Ich habe einen Arbeitskollegen aus den USA der gerne den Fischereischein machen möchte um in DE angeln zu dürfen. Leider ist der Kollege nicht der deutschen Sprache mächtig.

*Frage ?
Gibt es in Hamburg die Möglichkeit den Fischereischein in der englischen Sprache sammt Prüfung zu absolvieren ?*

Leider können die Ämter oder z.B. der ASV Hamburg keine Informationen geben :-(

Habt Ihr eine Idee ?

Danke für eure Nachrichten.

Gruß und Petri,

Stefan


----------



## fish4fun (7. April 2016)

*AW: Lehrgang/ Fischereischein in Englisch*

Wenn er seinen Wohnsitz im Ausland hat, könnte er so einen Schein bekommen.

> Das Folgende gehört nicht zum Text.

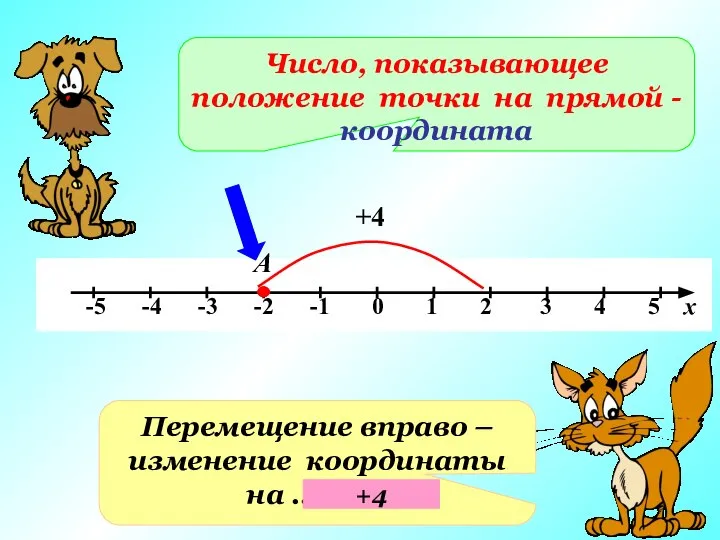 А Число, показывающее положение точки на прямой - координата Перемещение вправо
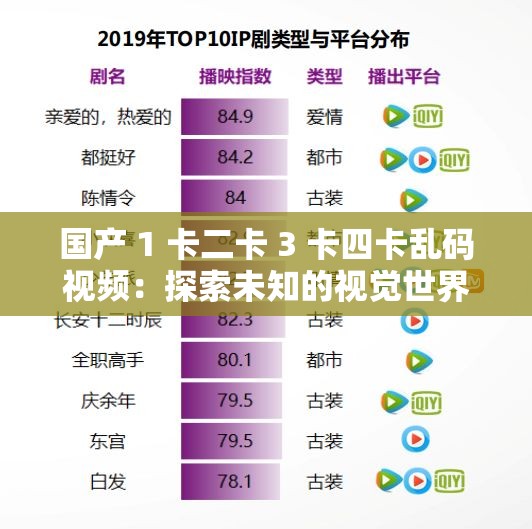 国产 1 卡二卡 3 卡四卡乱码视频：探索未知的视觉世界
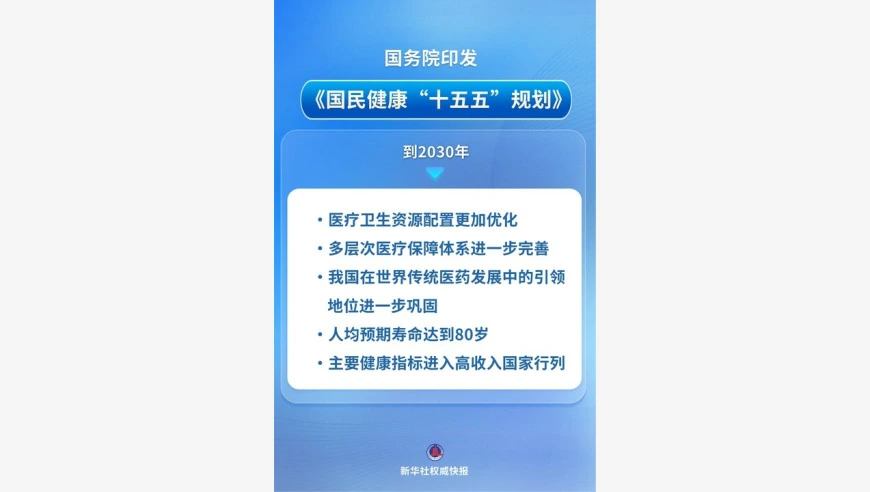 我们的“十五五”丨未来五年，看病就医会有哪些新变化？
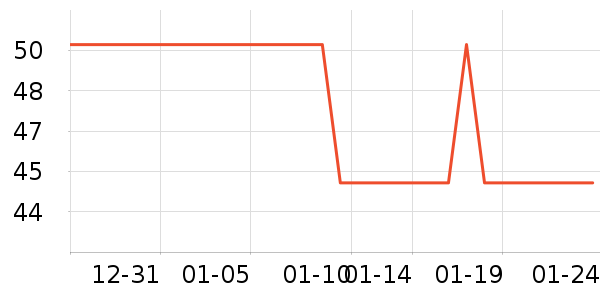 J.KIDS��ͯë��/��֯����ʷ�۸�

Schau einmal hier: http://www.angeltreff.org/gesetze/was_denn_noch_.html :m


----------



## SFVNOR (8. April 2016)

*AW: Lehrgang/ Fischereischein in Englisch*



fish4fun schrieb:


> Wenn er seinen Wohnsitz im Ausland hat, könnte er so einen Schein bekommen. Schau einmal hier: http://www.angeltreff.org/gesetze/was_denn_noch_.html :m



Moin Moin,

Danke #h

Gruß,

Stefan


----------